The Chrysler bankruptcy passed with thousands of dealers closing their doors forever as of Tuesday night. An interesting sidebar to the story was how some Chysler dealers sued to avoid being terminated. Chrysler had said in court documents, "Dealerships located in the markets at issue lack the operational, market, facility and [brand] characteristics necessary to best contribute to the ongoing dealer network under current or future ownership."
Instead of addressing the fact they were not apparently very profitable businesses and prioritizing what they needed to do to survive, they chose to waste a month of time suing to stay with a company about to close all of its plants for a minimum of three months. Be careful what you wish for. What if they had remained open with sagging demand and old products?
A few years ago a southern California deli called me in for a consultation. Sales were slipping, they'd invested thousands in a renovation and the owners were worried. After we got a cup of coffee and sat down in one of the booths the owner took a sip and started to speak. I figured he would be asking where to look first or a spreadsheet would be bought out to show details of the sales collapse. He began, "We've contacted our attorney with a cease and desist order for a similar concept stealing our 'look.'" I couldn't believe my ears.

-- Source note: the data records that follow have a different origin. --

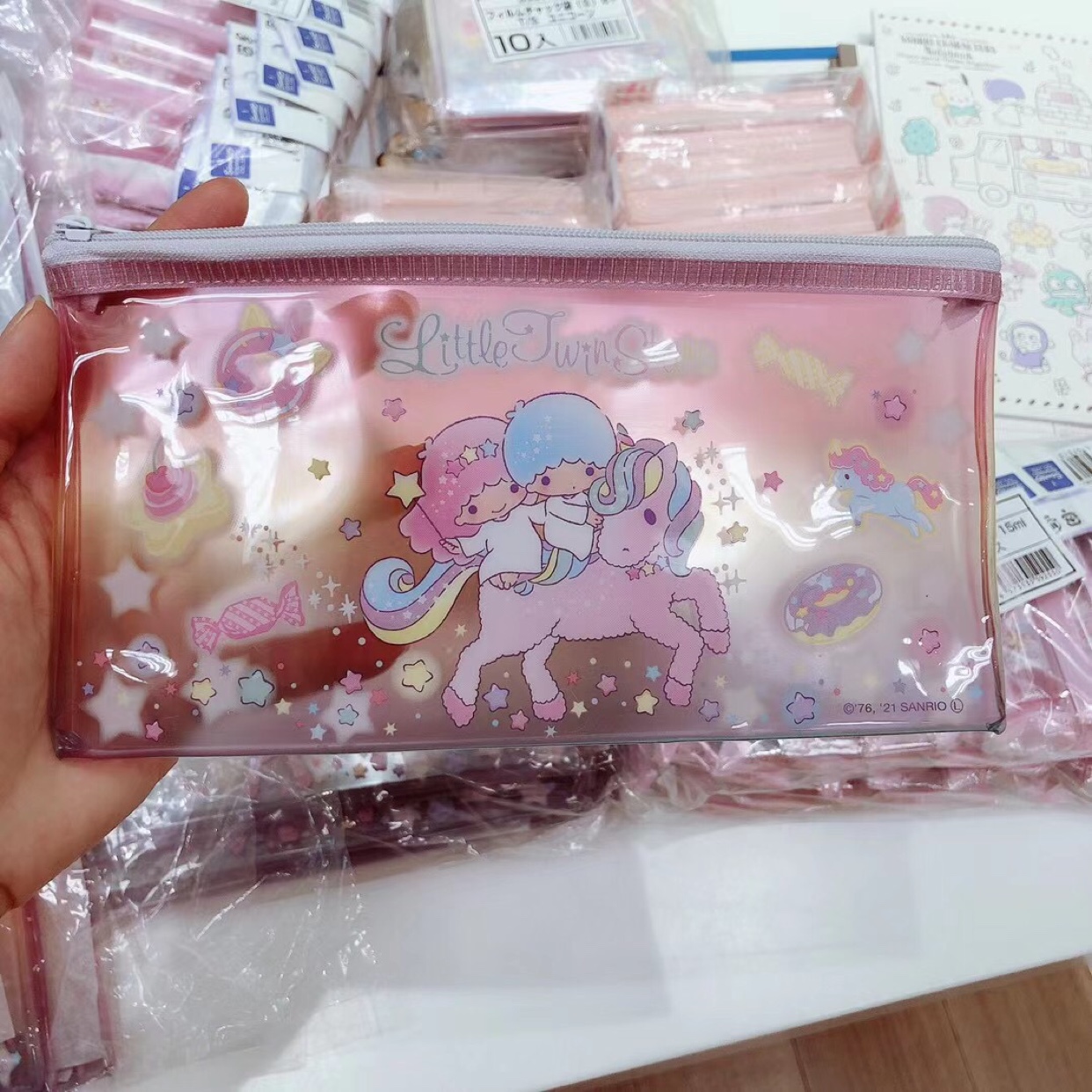 New Gemini (In Stock)goods in stock Japan Sanrio melody Cinnamoroll  kitty Pencil case Bright powder transparent Make up Utility bag Storage bag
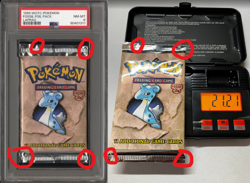 1999 WOTC Pokemon Unlimited Fossil Booster Foil Pack (Lapras) PSA 8 LIKELY HEAVY - Image 5
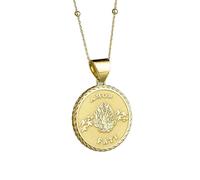 Collier en argent sterling 925 22 mm Chaîne de 45 cm Bijoux stoïques Amor Fati Pendentif avec citation latine Breloque « Aime ton destin » Compagnon Memento Mori Philosophie Plaqué or | LKRPG_0412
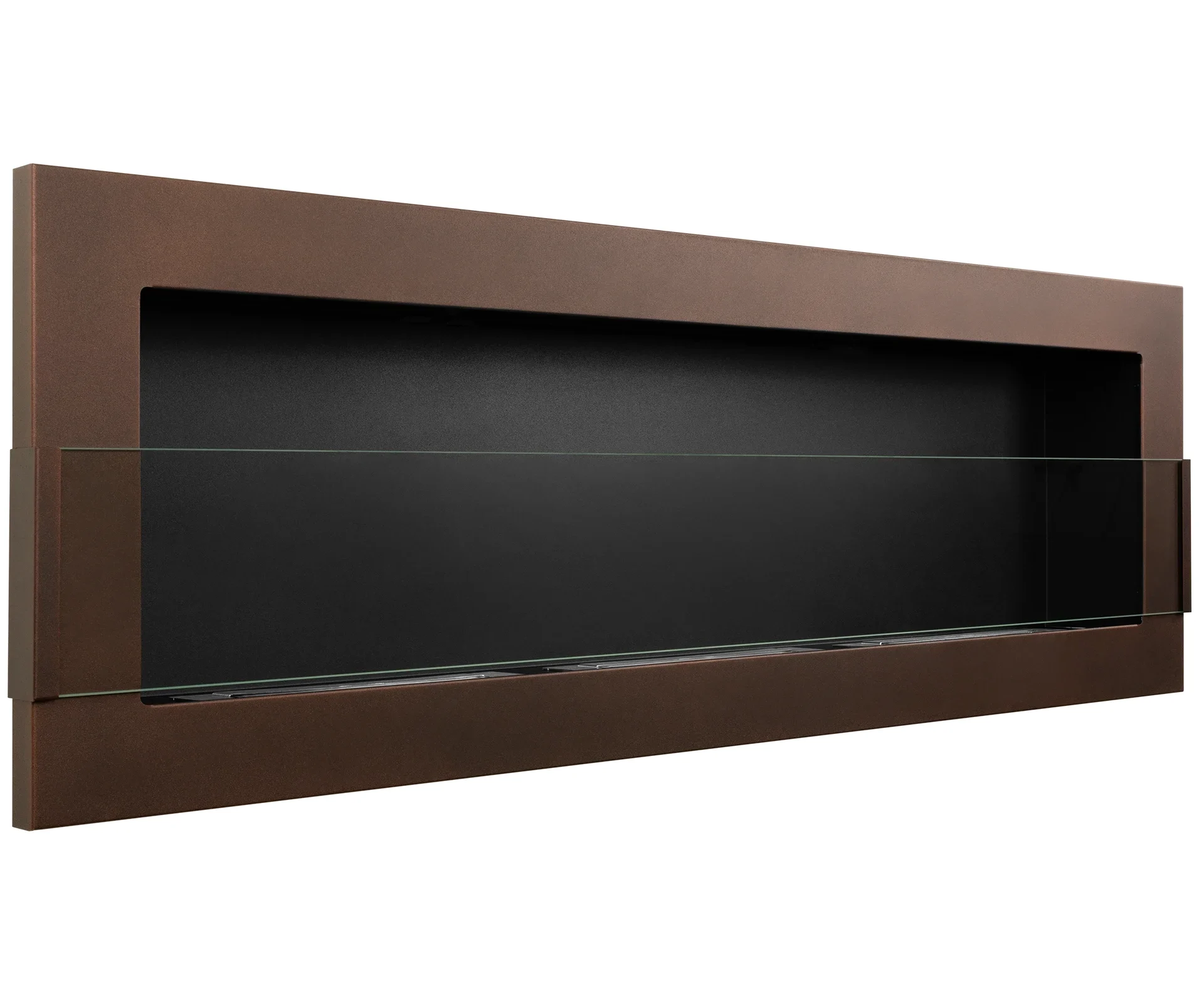 5293 Bio-Kamin 1200x400 braun matt mit Glas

The owner went on at length to say how they were stealing his logo and concept and how he was prepared to fight them in court. Meanwhile, I had to keep bringing him back to reality - he was losing money with this concept he wanted to protect so badly.
Like some wronged hero in an action movie, sometimes small business owners or managers get so personally vested at being wronged that they lose sight of their priorities. Many times that is because it is easier to get worked up about someone else than taking responsiblity to change.
The lesson? Keep your eyes on the big picture, don't get caught up in the vendettas with vendors or competitors.